2012年01月16日 | こっくり亭日記
 

典雅な北宋皇帝・徽宗の書画

 
東京国立博物館(東博)で、「北京の故宮博物院」展をやっていた。わざわざ北京や台北まで、中国美術を見に行くのは大変だ。なるべく動きたくないので、東京まで持ってきてくれるのはアリガタイ(笑)。

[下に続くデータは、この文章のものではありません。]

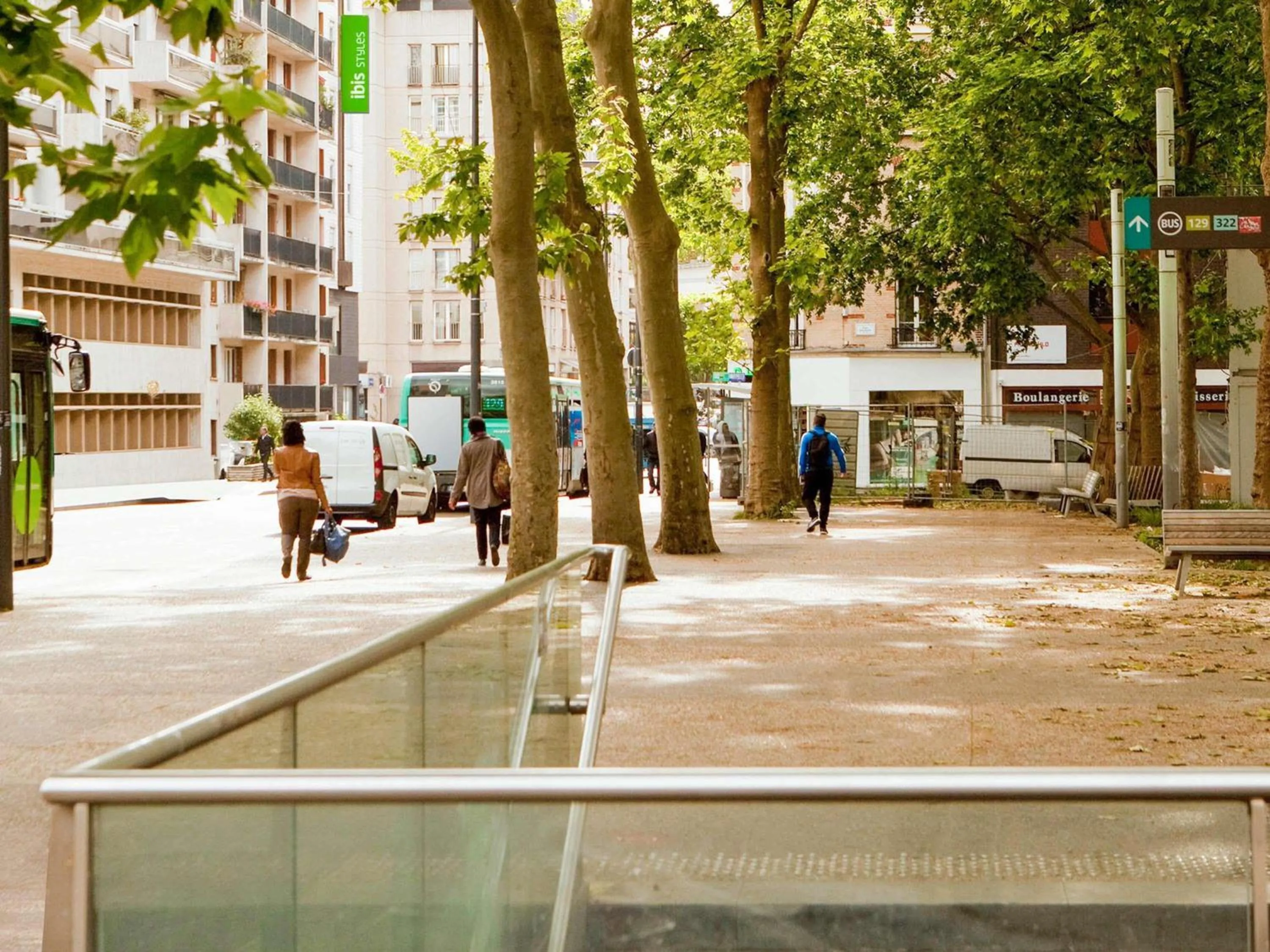 Property building in ibis Styles Paris Mairie de Montreuil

行ってみて、人気ぶりに驚いた。中国美術史上でも屈指の至宝・「清明上河図」を見るために、3時間~4時間待ちの行列ができていた。この作品は、まあ、文学で言えば紫式部の「源氏物語」みたいなものだろう。千年近くも昔の、東洋が生んだ大作。長さが5mもある、超大作の絵巻物。西洋の芸術に比べて、少なくとも「古さ」と「大きさ」では負けていない(笑)。上海で公開されたときも大評判を呼び、数時間待ちの行列ができたという。かつては、東洋美術の展覧会といえば、一部の骨董品マニアしか見に来ないマイナーな分野だったのに。世の中、変われば変わるものだ・・・。
 
北宋の芸術皇帝・徽宗(きそう)の書画には、思わず見とれた。徽宗は、皇帝でありながら、書と画の双方で中国文化の頂点を極めた芸術家でもあるという、世界の歴史にも稀な人。中国四千年の歴史の中でも、この時代(日本でいえば、平安時代)が文化的な最盛期だったという声は多い。でも、芸術におカネがかかりすぎて、民衆に重税を課し、かの有名な「水滸伝」の梁山泊を始めとする、各地の反乱を招いてしまった。結局、北から攻めてきた満州人に首都を攻め落とされ、徽宗は満州の北の果て、シベリアの近くまで連れ去られ、寒いところで悲劇的な晩年を過ごした。まさしく、悲劇の皇帝。
 
ショーペンハウエルの「意志と表象の世界」では、「この世は幻影であり、苦しみの発生源なのである」という話のあと、「芸術によって、その苦しみを紛らわすことができる」と続く。でも、芸術によって現世の苦しみを忘れたとしても、それは一時的な効果でしかない・・・だそうな。
  
徽宗の人生を見ると、芸術の効果は一時的なものにすぎず、問題の解決になるどころか、かえって問題の悪化すら招くということがよく分かる。この地球環境では、「美」を追求するのは難しいのだ。やろうと思えば、できないこともないんだけど、それと現実生活を両立させるのが難しい。史上最高の芸術皇帝は、世の中をメチャクチャにブチ壊してしまった。それでも、徽宗の書画は、端正で美しい・・・。
 
それと並んで歴史的な興味をひいたのは、元代の文人・趙孟頫(ちょうもうふ)の書だった。この人も、宋の皇帝の家柄に生まれた人だけど、モンゴル人に中国が征服された後、モンゴル帝国に仕える家臣になってしまった。このため、「祖国の裏切り者」呼ばわりされ、古来から日本でも評判が良くない。その代わり、この人は「書のルネッサンス」を行なった。大昔の有名な書家・王羲之(おうぎし)の書を徹底的に研究し、伝説の書体をよみがえらせたのだ。「祖国の裏切り者」として生きながら、祖国の古き良き古典文化を再興するという、なんとも皮肉な人生。
  
中国の歴史は、大なり小なり、こんな話ばっかりだ。何もかもが、政治的な問題に巻き込まれてしまう。とかく、この世は生きにくい。
 
古人の人生の難しさをしのびつつ、書画の美に、しばし現世を忘れる。このまま、現世を忘れ去ってしまいそうだ・・・。